Es besteht allerdings ein einmaliger Freibetrag: Eine Ersatzpflicht besteht nach § 102 Abs. 1 S. 2 SGB XII nur für die Kosten der Sozialhilfe, die innerhalb eines Zeitraumes von zehn Jahren vor dem Erbfall aufgewendet worden sind und die das Dreifache des Grundbetrages nach § 85 Abs. 1 SGB XII übersteigen. Der Grundbetrag berechnet sich wiederum nach dem Doppelten des Eckregelsatzes, so dass der Freibetrag das 6-fache des Eckregelsatzes beträgt. Dies führt dazu, dass in den neuen und in den alten Bundesländern unterschiedliche Freibeträge gelten, da die Regelsätze unterschiedlich hoch sind. Zum 1.1.2011 wurden anstelle des Regelsatzes nach langer Diskussion im Rahmen der Hartz IV-Reform 2011 Regelbedarfsstufen eingeführt und für die Stufe 1 ein Betrag von 364 EUR festgesetzt, so dass sich aktuell ein Freibetrag in Höhe von 2.424 EUR[377] ergibt.

 

Rz. 487

Eine Einschränkung der Inanspruchnahme kann sich ebenfalls ergeben, wenn diese für den Erben nach den Besonderheiten des Einzelfalls eine unzumutbare Härte bedeuten würde, § 102 Abs. 3 Nr. 3 SGB XII. Eine besondere Härte kann vorliegen, wenn der Erbe nachhaltig den Wert des Nachlasses erhöht hat, z.B. durch die Führung eines Schmerzensgeldprozesses.[378] Ob dies auf den Nachlasspfleger übertragbar ist, ist zweifelhaft, da er diese Ansprüche ja nicht aufgrund persönlichen Engagements realisiert, sondern aufgrund seiner amtlich bestellten Sicherungs- und Verwaltungstätigkeit, die er auch vergütet erhält.

 

Rz. 488

Zu beachten ist weiterhin, dass ein sogenannter Erbenfreibetrag besteht.

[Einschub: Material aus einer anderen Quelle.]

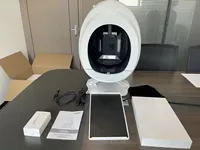 Analyseur et testeur intelligent de peau 3D IA, scanner facial, caméra d'analyse cutanée, miroir magique pour l'analyse de la peau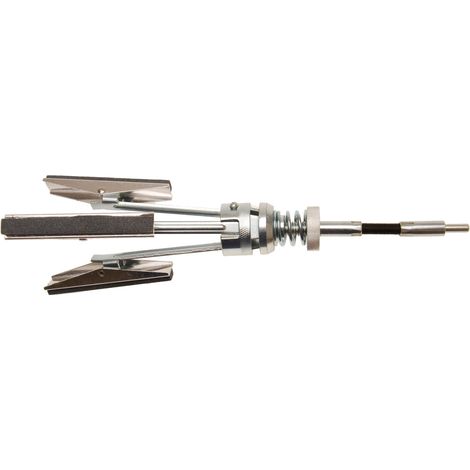 Herramienta de rodado bgs 100 mm metal 6,3 mm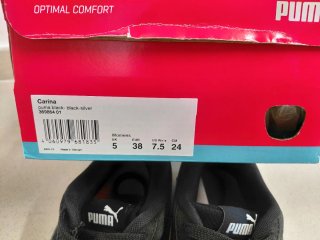 Scarpe Puma nere donna tg 38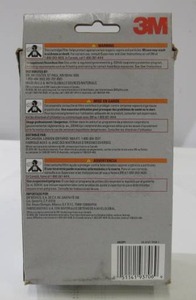 lot 569 image: 3M 6023PB1-A Paint Respirator Supply Kit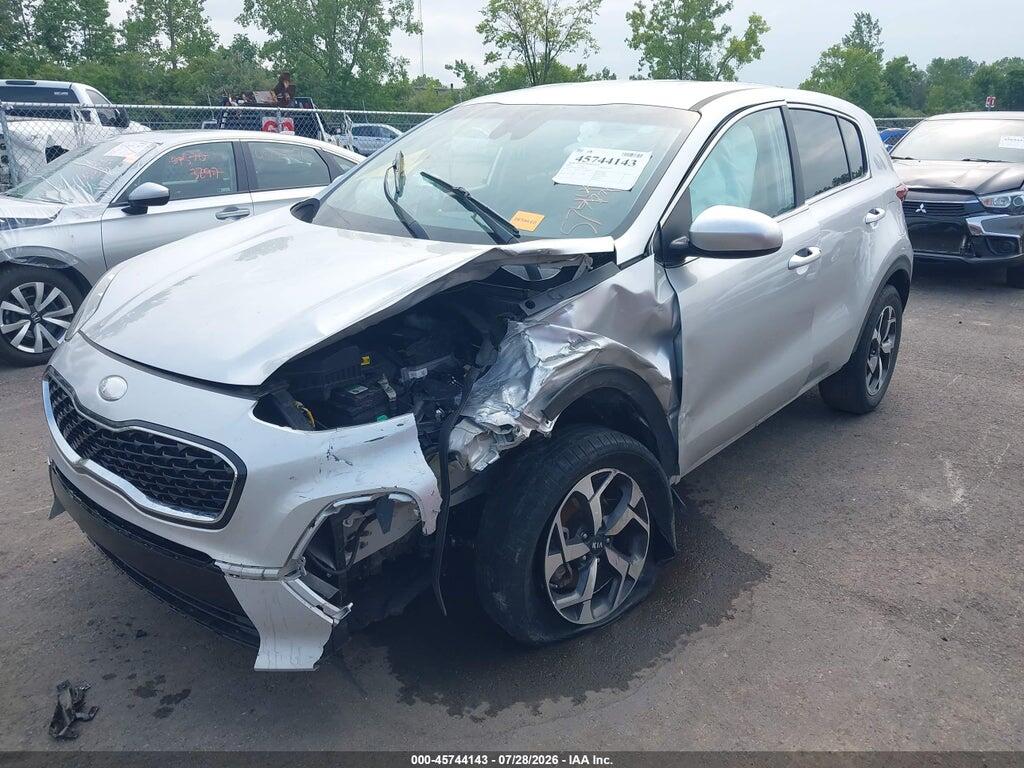 KNDPM3AC3M7927181 2021 KIA SPORTAGE photo no. 2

Nach § 102 Abs. 3 Nr. 1 SGB XII gilt auch hier der Freibetrag vom Nachlass wie der o.g. Freibetrag von den Sozialhilfeaufwendungen. Er beträgt mithin ebenfalls 2.424 EUR.[379]

Bei der Abwicklung des dürftigen Nachlasses ist insofern zu berücksichtigen, dass ein nach Abzug der Nachlassverbindlichkeiten verbleibendes Vermögen in Höhe des Erbenfreibetrages den unbekannten Erben zusteht, ggf. ist das Erbrecht des Fiskus festzustellen (siehe § 9 Rdn 24).

 

Rz. 489

Gegenüber dem Sozialhilfeträger kommt der Nachlasspfleger seiner Auskunftsverpflichtung insoweit nach, als dass er eine Abschrift des Nachlassverzeichnisses übermittelt. Der Nachlasspfleger ist gehalten, die Berechnungen des Sozialhilfeträgers hinsichtlich des Erstattungsbetrages zu überprüfen. Diese sind oft fehlerhaft, da das Nachlassverzeichnis als Grundlage für die Berechnung des Ersatzanspruches herangezogen wird. Da sich der Reinnachlass (abzustellen ist nämlich auf den Wert des Nachlasses zum Todestag) im Laufe der Tätigkeit des Nachlasspflegers durch weiter eingehende Informationen verändern kann, kann eine Berechnung des Ersatzanspruches erst nach Abrechnung des Nachlasses erfolgen. Der Anspruch erlischt im Übrigen gemäß § 102 Abs. 4 SGB XII drei Jahre nach dem Tod des Leistungsempfängers.

[372] Vgl. im Einzelnen: Conradis, ZEV 2005, 379 ff.; bei zu Unrecht erbrachten Leistungen ist die Inanspruchnahme nur unter den Voraussetzungen der §§ 45, 50 SGB X möglich, vgl. hierzu; Doering-Striening, § 5 Rn 278 ff.
[373] Grube, in: Grube/Wahrendorf, SGB XII § 105 Rn 14.
[374] OVG Lüneburg FEVS 31, 179.
[375] SG Frankfurt v. 28.11.2008 – S 36 SO 212/05, BeckRS 2009, 50555.
[376] BVerwG v. 23.9.1982 – 5 C 109.81, BVerwGE 66, 161 = NDV 1983, 215.
[377] 2016: 2.424 EUR; 2015: 2.394 EUR; 2014: 2.346 EUR; 2013: 2.292 EUR; 2012: 2.244 EUR; 2011: 2.184 EUR.
[378] SG Frankfurt v. 28.11.2008 – S 36 SO 212/05, BeckRS 2009, 50555.
[379] 2016: 2.424 EUR; 2015: 2.394 EUR; 2014: 2.346 EUR; 2013: 2.292 EUR; 2012: 2.244 EUR; 2011: 2.184 EUR.